According to Cointelegraph: Raft, a decentralized U.S. dollar stablecoin protocol, experienced a security exploit last week, resulting in a loss of $6.7 million. Surprisingly, this vulnerability wasn't detected in the multiple security audits completed by blockchain security firms Trail of Bits and Hats Finance.
According to the protocol’s post-mortem report, a hacker borrowed 6,000 Coinbase-wrapped staked Ether (cbETH) from the decentralized finance protocol Aave, transferred it to Raft, and minted 6.7 million Raft stablecoins using a smart contract glitch. These coins were swapped via Balancer and Uniswap liquidity pools, earning the hacker $3.6 million.
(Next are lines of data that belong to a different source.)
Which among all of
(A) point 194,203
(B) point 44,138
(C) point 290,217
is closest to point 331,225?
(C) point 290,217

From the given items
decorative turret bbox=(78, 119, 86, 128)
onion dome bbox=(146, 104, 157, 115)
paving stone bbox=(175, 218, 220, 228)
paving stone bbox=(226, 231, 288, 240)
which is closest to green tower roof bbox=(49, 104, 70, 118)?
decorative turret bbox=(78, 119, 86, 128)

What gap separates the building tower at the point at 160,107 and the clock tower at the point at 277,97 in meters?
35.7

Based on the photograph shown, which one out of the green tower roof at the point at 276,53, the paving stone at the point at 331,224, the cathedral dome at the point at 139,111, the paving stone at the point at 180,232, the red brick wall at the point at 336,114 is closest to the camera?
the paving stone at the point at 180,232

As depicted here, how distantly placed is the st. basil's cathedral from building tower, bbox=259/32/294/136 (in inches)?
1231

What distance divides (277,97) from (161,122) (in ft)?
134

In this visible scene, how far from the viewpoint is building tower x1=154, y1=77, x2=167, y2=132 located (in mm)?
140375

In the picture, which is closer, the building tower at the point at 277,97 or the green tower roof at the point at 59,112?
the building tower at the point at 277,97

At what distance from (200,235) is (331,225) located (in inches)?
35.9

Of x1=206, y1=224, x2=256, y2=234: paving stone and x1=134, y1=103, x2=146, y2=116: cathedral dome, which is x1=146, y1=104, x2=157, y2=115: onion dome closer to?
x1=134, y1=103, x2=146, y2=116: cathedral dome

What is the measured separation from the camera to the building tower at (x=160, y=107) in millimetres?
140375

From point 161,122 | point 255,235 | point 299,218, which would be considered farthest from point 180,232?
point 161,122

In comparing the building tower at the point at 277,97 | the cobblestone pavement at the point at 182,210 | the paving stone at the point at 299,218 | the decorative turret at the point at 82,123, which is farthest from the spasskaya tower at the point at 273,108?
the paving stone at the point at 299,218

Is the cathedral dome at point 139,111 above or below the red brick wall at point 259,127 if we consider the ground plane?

Meanwhile, the Raft stablecoin lost its dollar peg following the attack.
A precision issue during the minting of share tokens was the root cause, allowing the hacker to acquire extra share tokens and manipulate the index value to increase their worth.
Following the Nov. 10 incident, Raft filed a police report, and it's now cooperating with centralized exchanges to trace the stolen funds. The smart contracts of Raft have been placed on hold, although R minters maintain the ability to repay their positions and claim their collateral.
Decentralized stablecoins are usually backed by users' crypto deposits as collateral. Last December, the HAY stablecoin similarily unpegged following a hack that exploited a smart contract glitch and minted 16 million HAY without appropriate collateral. However, the HAY stablecoin regained some pegging due to a collateralization ratio requirement of 152% at the exploitation-time for risk management.